THE DATA:

Content starts

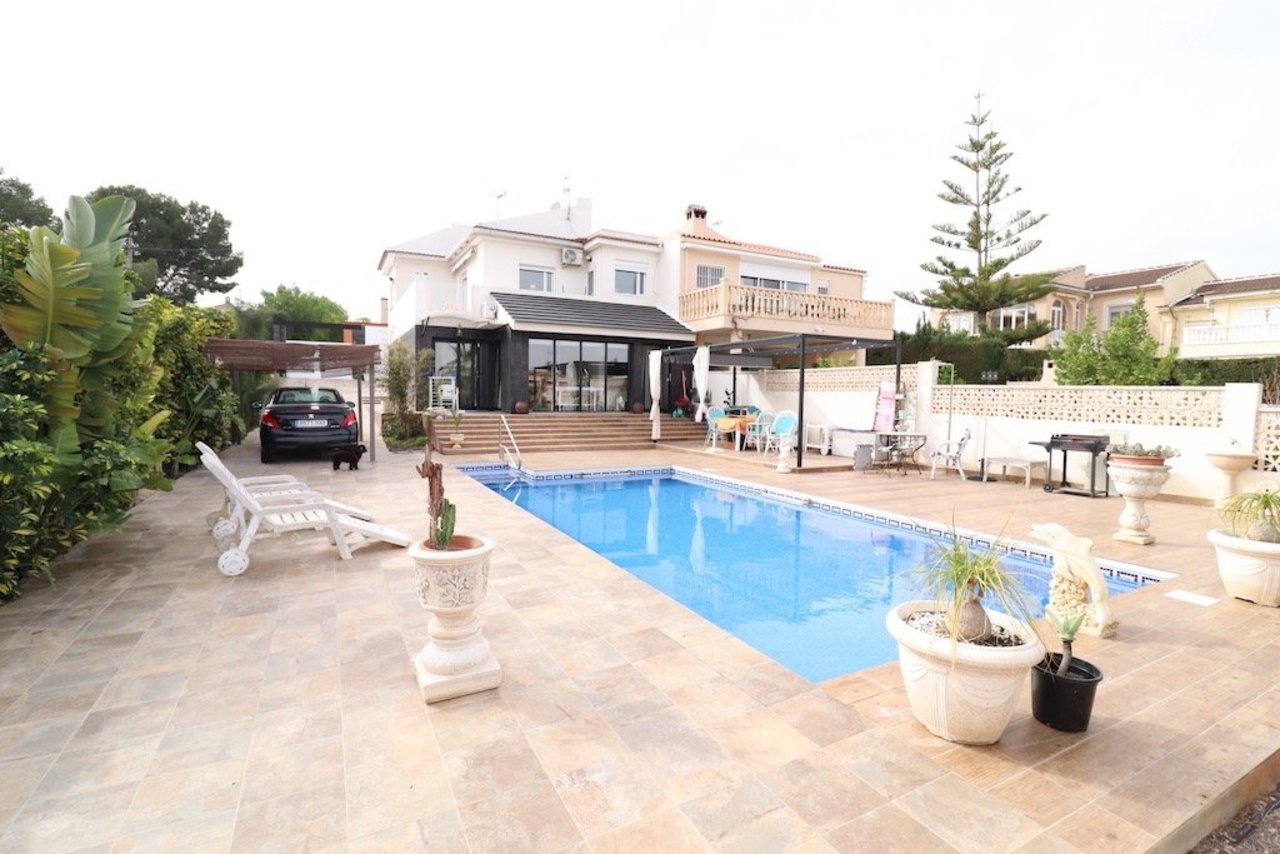 3 спальни Вилла для продажи в Torrevieja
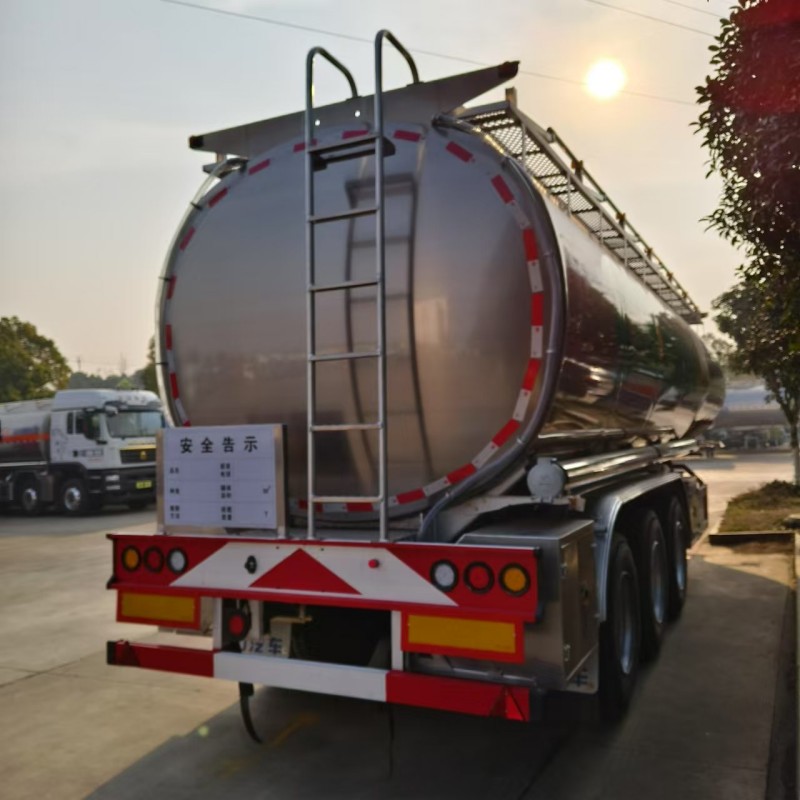 petroleum indian oil tanker truck petroleum indian oil tanker truck
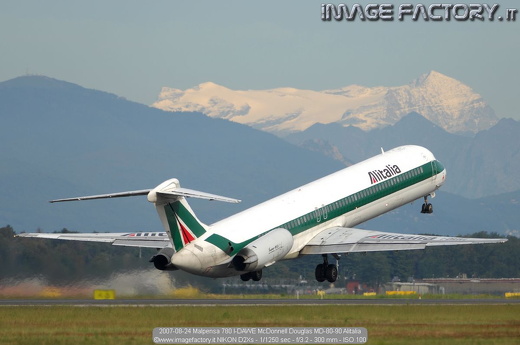 2007-08-24 Malpensa 780 I-DAWE McDonnell Douglas MD-80-90 Alitalia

Content ends

PROBLEM: Exactly as written, restate the lines from the one that contains "petroleum indian oil tanker truck petroleum" through the final line of the data, both ends included, but leave out the pictures.

RESULT OF THE TASK:
 petroleum indian oil tanker truck petroleum indian oil tanker truck
 2007-08-24 Malpensa 780 I-DAWE McDonnell Douglas MD-80-90 Alitalia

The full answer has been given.